WHAT YOU HAVE TO DO — In the data below, find the line with "For compression, you" and the line with "Traditional landline setups", then restate both and every line between them exactly, minus the pictures.

RECORDS FOR THE EXERCISE —

====

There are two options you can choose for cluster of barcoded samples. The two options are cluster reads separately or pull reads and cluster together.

====

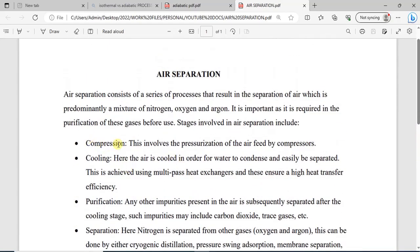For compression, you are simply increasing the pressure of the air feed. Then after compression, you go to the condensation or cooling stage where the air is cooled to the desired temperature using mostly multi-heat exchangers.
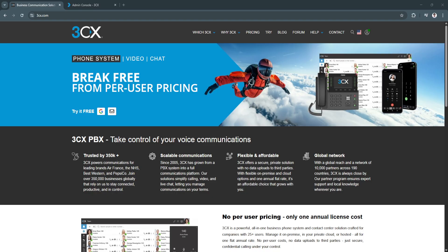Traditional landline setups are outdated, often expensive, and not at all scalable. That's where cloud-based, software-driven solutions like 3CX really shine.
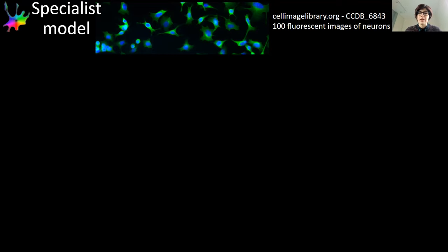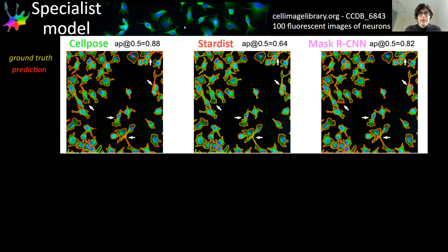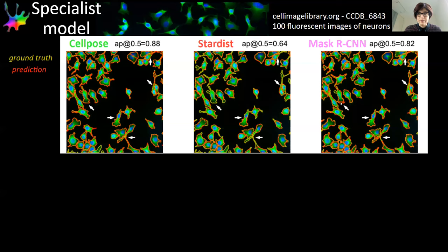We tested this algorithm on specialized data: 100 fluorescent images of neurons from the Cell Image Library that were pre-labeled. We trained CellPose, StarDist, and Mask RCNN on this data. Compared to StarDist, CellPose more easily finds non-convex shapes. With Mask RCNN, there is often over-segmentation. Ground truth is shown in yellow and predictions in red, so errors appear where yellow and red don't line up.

====

SOLVED PROBLEM —
For compression, you are simply increasing the pressure of the air feed. Then after compression, you go to the condensation or cooling stage where the air is cooled to the desired temperature using mostly multi-heat exchangers.
Traditional landline setups are outdated, often expensive, and not at all scalable. That's where cloud-based, software-driven solutions like 3CX really shine.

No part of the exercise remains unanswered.